Кстати, в свободные от театра часы отец семейства Кшесинских любил заниматься ручными работами, и был в этом искусстве большим мастером. Однажды он изготовил модель Большого петербургского театра с мельчайшими подробностями. Она была настоящим чудом техники. В ней, как в настоящем театре, поднимались и опускались декорации, а, крутя рукоятку, можно было приводить в действие полную их смену. В модели было настоящее театральное освещение масляными маленькими лампочками.
Когда театр уже был давно снесён, и не было в живых Феликса Яновича, то модель его дети отдали в Театральный музей А. А. Бахрушина в Москве. Они надеялись, что этот Большой петербургский театр, таким образом, останется в памяти для других поколений. Но прошло время, и модель исчезла… Случилось это после Великой Отечественной войны 1941—1945 годов, когда многие экспонаты музея были эвакуированы из музея.
Ещё Матильда Кшесинская вспоминала, как в годы её детства любили мазурку в Санкт-Петербурге. А её отца считали лучшим исполнителем этого танца в столице России. Отец многое танцевал превосходно, и всё-таки коронным номером Феликса Кшесинского была мазурка. Матильда считала, что никто не умел так исполнять этот танец, как её отец. Его в Петербурге даже называли «королём мазурки». Он вкладывал в неё весь свой темперамент, и не было танцовщика ему равного в её исполнении.
Именно Феликс Иванович Кшесинский способствовал введению мазурки в то время в Петербурге и Москве. Благодаря его темпераментному исполнению и любви Императора НиколаяПервого к этому польскому танцу, мазурка была введена на сцену. А затем, в упрощённой форме, стала вводиться повсюду на балах. Феликс Кшесинский стал известным в Петербурге учителем мазурки, у него стали брать уроки многие богатые люди и принимать его у себя дружески. Иногда он давал уроки их детям. Тогда он брал с собой Малю, которая показывала ученикам движения этого танца и увлекала их в темпераментный ритм мазурки на уроках.
«Мы всегда занимали большие квартиры в лучшей части города и непременно с большой залой, в которой отец давал уроки. Время его уроков я очень любила», – вспоминала Матильда Феликсовна. И воспоминания вновь уносили её в Петербург, в красивые просторные комнаты квартиры родителей. Пока за дверью давал урок отец, и оттуда раздавались звуки вальса или мазурки, Маля, ещё совсем маленькая, крутилась перед зеркалом и «изображала» музыку. Она просила маму надеть ей длинное, «бальное» платье. Навешивала на свою тоненькую шейку мамины блестящие украшения и представляла себя богатой графиней Красинской… Вот такой красивой она будет ходить на балы, когда станет взрослой дамой…

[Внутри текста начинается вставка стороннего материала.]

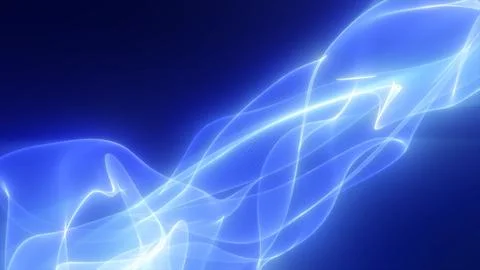 Abstract blue glowing with bright fire energy magic waves from lines on a d.. Stock Illustration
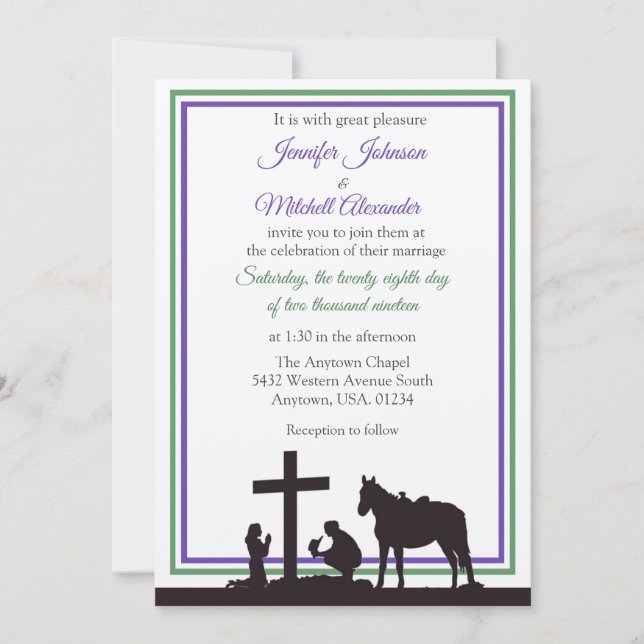 Invitación Vaquero rezando y Boda verde morado de novia (Anverso)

Матильда помнила свой первый детский польский костюм, который ей сшили, когда девочке было четыре года. Его долго хранили в семье. И, уже став взрослой, Матильда Феликсовна отдала его в Бахрушинский театральный музей. Костюм был такой маленький, как будто его шили на куклу. Отдала она в музей и свои детские танцевальные туфли, в которых Малечка впервые выступала на сцене Большого театра Петербурга в балете «Конёк-горбунок». Шла красивая картина подводного царства, когда на сцене появлялась малышка, похожая на ангелочка – в парике, но изображала она маленькую русалочку. Она должна была вынуть кольцо из пасти большого кита – в этом и заключалась вся её роль. Кольцо Малечка получала перед началом спектакля, сама клала его заранее в пасть кита, а во время действия сказки вынимала. Всё это происходило уже в конце балета. Но, несмотря на это, девочка приходила в театр с кем-нибудь из членов их семьи за час до начала спектакля, боясь опоздать. Получала кольцо и парик и шла готовиться к спектаклю.